Once you’ve accepted the silliness, the food is on the whole decent, although the bacon left a little to be desired. Nevertheless, the eggs were just right, the chop was juicy, the mushrooms flavoursome. Although the sausages did not exactly thrill, they were at least two of them – it is a source of constant amazement to me that the places that serve the more expensive breakfasts can often be the most stingy with their servings. Gratifying that this is not the case here.
What can you say? The Hawksmoor does not disappoint. The only hitch was getting a table – on first attempt to book the site came back with no tables available between 7am and 9:30am. Not much good to me so off I went to check for availability elsewhere. This came back also as a negative but suggested some alternative venues with availability at 8am, including … Hawksmoor. Slightly baffled, I clicked through and lo and behold, a reservation for 8am drops into my inbox. Don’t ask me what witchcraft these booking systems work on, but at least it worked in the end.
Hawksmoor retain their reputation for being one of the vanishingly small number of breakfasting establishments where I will concede to the offer of beans on my plate.
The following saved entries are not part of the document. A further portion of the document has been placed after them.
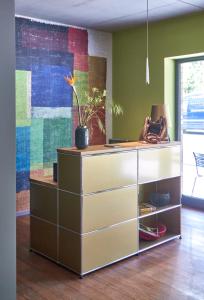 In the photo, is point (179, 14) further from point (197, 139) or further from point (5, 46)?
point (5, 46)

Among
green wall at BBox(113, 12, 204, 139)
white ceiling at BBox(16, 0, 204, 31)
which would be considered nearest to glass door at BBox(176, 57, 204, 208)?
green wall at BBox(113, 12, 204, 139)

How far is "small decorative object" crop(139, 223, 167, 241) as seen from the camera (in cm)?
381

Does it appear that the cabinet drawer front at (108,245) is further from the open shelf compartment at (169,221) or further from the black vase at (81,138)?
the black vase at (81,138)

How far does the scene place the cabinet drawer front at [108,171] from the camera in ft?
10.1

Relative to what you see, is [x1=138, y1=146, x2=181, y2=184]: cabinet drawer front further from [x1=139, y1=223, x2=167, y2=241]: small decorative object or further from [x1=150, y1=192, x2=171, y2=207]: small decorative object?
[x1=139, y1=223, x2=167, y2=241]: small decorative object

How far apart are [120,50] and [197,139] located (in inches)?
73.2

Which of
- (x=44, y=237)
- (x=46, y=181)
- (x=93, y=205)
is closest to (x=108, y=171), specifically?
(x=93, y=205)

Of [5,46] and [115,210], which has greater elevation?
[5,46]

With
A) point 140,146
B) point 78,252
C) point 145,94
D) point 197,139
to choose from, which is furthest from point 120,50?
point 78,252

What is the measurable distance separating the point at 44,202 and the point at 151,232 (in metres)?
1.20

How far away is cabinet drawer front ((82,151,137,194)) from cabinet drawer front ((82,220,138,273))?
401 millimetres

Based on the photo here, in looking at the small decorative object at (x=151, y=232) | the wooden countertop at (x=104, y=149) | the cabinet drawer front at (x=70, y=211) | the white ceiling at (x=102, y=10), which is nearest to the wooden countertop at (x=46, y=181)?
the cabinet drawer front at (x=70, y=211)

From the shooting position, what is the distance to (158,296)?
2.76 metres

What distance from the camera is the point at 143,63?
5457mm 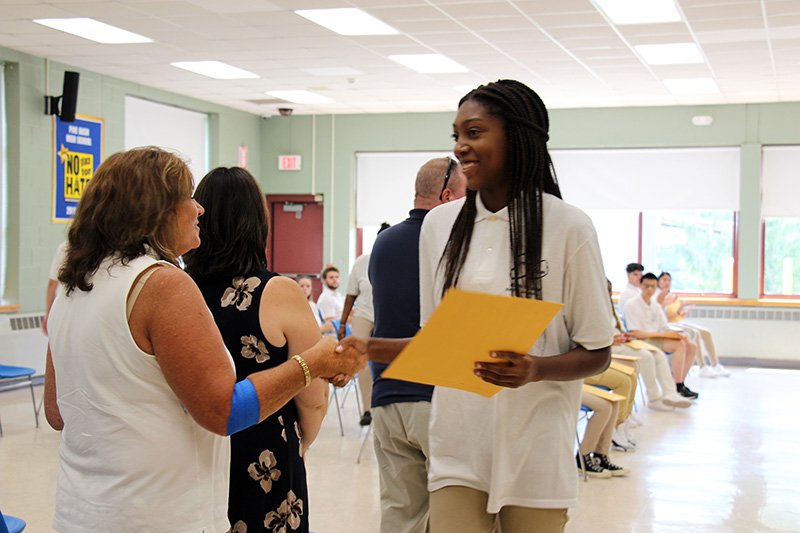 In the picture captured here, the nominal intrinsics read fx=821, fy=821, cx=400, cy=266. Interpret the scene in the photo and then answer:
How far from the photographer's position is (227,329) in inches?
78.1

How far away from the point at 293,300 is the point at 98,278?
56 centimetres

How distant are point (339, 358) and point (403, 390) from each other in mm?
991

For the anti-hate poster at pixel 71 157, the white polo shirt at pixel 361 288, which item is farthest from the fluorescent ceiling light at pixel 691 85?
Result: the anti-hate poster at pixel 71 157

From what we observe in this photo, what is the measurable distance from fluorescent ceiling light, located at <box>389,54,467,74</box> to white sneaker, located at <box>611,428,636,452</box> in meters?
4.29

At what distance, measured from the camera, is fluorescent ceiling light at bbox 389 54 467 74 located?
8.55 meters

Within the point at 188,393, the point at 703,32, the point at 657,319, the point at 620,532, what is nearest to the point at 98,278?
the point at 188,393

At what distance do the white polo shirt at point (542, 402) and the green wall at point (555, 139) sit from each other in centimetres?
1032

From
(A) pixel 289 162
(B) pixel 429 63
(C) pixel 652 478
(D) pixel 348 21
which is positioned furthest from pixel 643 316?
(A) pixel 289 162

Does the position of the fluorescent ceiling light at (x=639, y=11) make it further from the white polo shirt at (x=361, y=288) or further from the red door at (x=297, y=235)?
the red door at (x=297, y=235)

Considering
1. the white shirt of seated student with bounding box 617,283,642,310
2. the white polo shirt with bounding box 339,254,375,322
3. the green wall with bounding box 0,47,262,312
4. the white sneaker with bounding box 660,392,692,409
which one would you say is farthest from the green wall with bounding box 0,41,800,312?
the white polo shirt with bounding box 339,254,375,322

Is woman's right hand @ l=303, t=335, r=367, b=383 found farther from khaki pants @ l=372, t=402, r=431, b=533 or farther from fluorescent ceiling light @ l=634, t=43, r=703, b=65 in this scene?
fluorescent ceiling light @ l=634, t=43, r=703, b=65

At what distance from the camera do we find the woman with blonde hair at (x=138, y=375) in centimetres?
152

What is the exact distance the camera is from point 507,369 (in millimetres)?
1547

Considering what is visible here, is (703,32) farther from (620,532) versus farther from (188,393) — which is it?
(188,393)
In this case, because the pig’s trotter beans really do make a positive contribution to the overall balance of the meal, unlike the usual slop of half-warmed Heinz that most places slap on to obscure the fact that they’ve failed to fill your plate with actual food.
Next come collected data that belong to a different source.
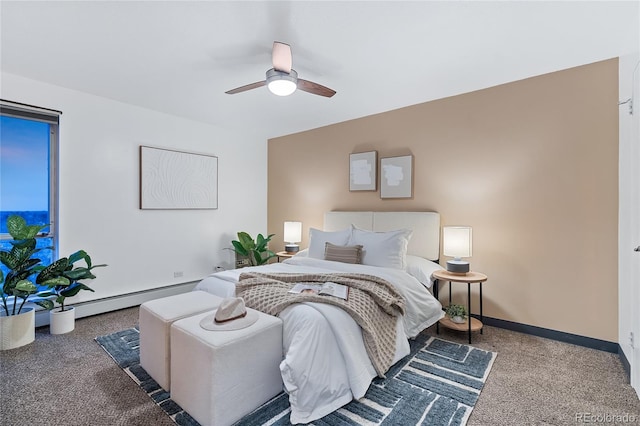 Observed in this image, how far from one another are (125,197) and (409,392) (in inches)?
151

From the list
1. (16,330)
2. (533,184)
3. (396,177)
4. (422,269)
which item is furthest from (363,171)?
(16,330)

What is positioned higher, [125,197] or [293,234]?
[125,197]

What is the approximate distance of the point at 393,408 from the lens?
190 centimetres

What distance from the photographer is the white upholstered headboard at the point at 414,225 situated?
3582 mm

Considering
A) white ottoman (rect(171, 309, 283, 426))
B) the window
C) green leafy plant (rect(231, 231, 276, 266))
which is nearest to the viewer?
white ottoman (rect(171, 309, 283, 426))

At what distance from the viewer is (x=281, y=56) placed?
229 cm

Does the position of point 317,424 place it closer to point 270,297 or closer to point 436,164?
point 270,297

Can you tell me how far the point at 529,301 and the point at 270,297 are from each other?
2600mm

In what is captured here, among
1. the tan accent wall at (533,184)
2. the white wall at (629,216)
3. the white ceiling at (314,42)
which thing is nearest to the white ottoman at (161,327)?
the white ceiling at (314,42)

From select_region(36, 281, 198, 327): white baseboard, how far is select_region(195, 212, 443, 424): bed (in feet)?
4.83

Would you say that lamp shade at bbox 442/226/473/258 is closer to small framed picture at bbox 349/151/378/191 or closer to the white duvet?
small framed picture at bbox 349/151/378/191

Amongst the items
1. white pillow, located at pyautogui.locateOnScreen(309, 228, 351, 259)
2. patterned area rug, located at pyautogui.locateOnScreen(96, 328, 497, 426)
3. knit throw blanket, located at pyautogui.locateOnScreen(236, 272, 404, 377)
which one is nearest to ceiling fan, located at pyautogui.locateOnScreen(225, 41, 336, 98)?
knit throw blanket, located at pyautogui.locateOnScreen(236, 272, 404, 377)

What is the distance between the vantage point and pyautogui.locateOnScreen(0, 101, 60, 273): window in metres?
3.15

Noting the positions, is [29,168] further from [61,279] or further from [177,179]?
[177,179] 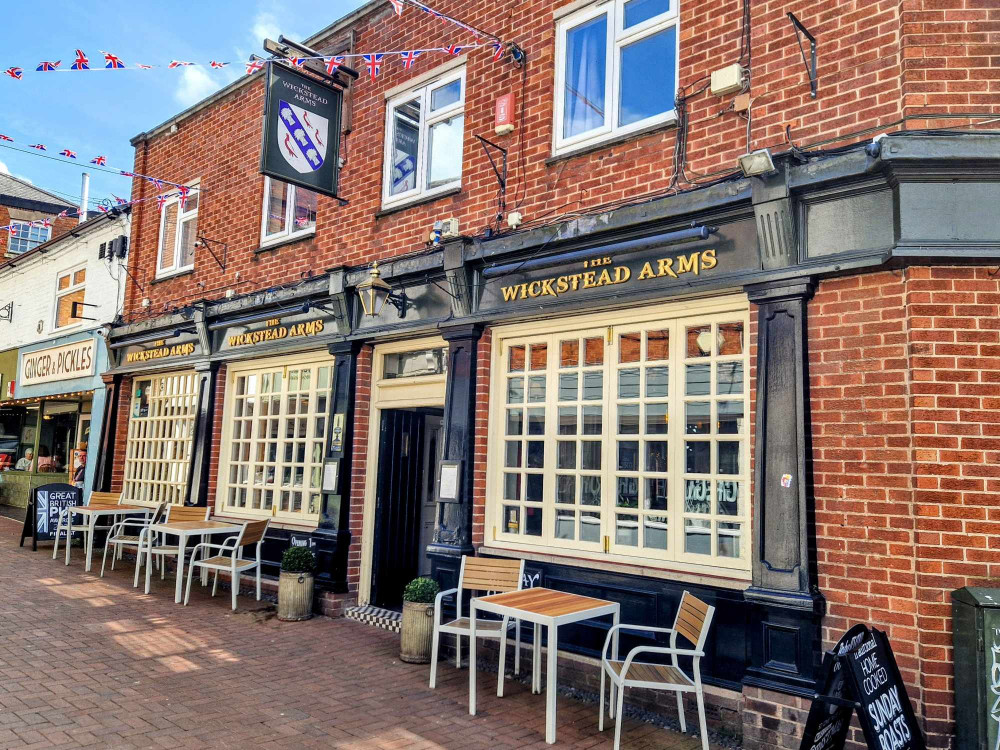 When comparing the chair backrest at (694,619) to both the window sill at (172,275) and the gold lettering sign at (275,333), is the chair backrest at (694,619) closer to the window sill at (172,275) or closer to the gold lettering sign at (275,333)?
the gold lettering sign at (275,333)

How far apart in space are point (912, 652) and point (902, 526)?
72cm

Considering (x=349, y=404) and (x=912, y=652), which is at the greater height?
(x=349, y=404)

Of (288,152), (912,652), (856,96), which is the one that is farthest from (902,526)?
(288,152)

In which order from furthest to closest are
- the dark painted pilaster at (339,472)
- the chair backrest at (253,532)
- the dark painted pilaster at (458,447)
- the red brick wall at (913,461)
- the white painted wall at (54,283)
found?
1. the white painted wall at (54,283)
2. the chair backrest at (253,532)
3. the dark painted pilaster at (339,472)
4. the dark painted pilaster at (458,447)
5. the red brick wall at (913,461)

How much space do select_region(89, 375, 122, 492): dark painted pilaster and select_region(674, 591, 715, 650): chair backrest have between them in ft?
34.5

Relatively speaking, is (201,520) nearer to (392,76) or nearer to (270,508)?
(270,508)

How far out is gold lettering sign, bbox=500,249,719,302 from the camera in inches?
220

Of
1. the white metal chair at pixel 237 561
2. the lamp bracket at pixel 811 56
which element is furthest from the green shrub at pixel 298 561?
the lamp bracket at pixel 811 56

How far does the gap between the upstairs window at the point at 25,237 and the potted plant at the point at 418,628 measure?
21227 mm

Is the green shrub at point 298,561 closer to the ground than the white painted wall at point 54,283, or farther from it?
closer to the ground

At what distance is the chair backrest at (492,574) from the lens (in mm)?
6121

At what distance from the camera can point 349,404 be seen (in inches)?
334

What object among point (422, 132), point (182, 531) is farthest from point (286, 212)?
point (182, 531)

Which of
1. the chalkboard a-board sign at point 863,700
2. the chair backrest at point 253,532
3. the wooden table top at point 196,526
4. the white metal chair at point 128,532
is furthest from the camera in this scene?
the white metal chair at point 128,532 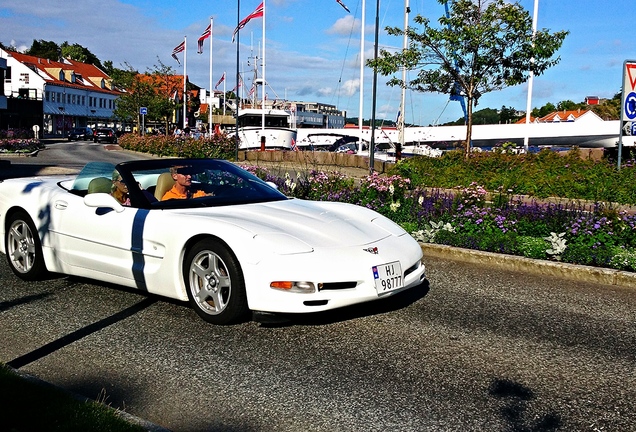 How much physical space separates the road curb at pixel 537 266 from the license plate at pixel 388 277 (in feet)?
9.42

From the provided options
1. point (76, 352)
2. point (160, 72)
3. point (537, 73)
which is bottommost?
point (76, 352)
Bad Egg is a curious endeavour. Clearly pitching first and foremost for the lunchtime crowd, which seem to be here in droves, the place was rather deserted at 8am, which is a pity because they do offer an original flavour of breakfast. Unfortunately there are a few niggles – first as I tried and failed to sit down in one of the booths. Although they lend an attractive retro-chic look, the enormous bases of the tables make it practically impossible to actually sit at them with the seating packed in as tightly as it is. And that’s when there was just my own legs to negotiate into the space – I dread to think what getting six people in might entail.
Nevertheless, although the place is not technically open when I arrive a little before 8am I do at least get a seat and a coffee while awaiting co-breakfasters. Disappointingly, the coffee arrives with a little plastic carton of UHT. I mean, I know we’re going for the diner vibe here, but there ought to be some limits. Glady that is where the disappointment ends, because everything else from here on in is bliss. The staff are friendy and conversational, the menu is alluring, the food arrives quickly and the breakfast itself is delicious.
The Huevos Rancheros is a taste explosion in a bowl, with just the right level of kick for a morning pick-me-up. The smooth cool sour cream and guacamole accompanying loads the experience with just the right level of comfort eating feel to accompany the hit of the spicy chorizo and make a truly splendid breakfast. It’s gone before I know it, and I’m wishing that the theory of relativity could be somehow reversed to allow the experience to feel like it lasted longer.
Likewise, the baked breakfast eggs with bacon and black pudding turned out to essentially be three mini breakfast fajitas – each featuring a baked egg on a little tortilla garnished with a mini-black pudding, globs of guacamole, and a sprinkling of shredded bacon. Novel, and sumptuous. As the curate would say, Bad Egg is definitely good in parts – and fortunately those parts are the great majority. I’d definitely go again – if only to discover whether their “fried chicken, peanut butter and jam” bap actually works.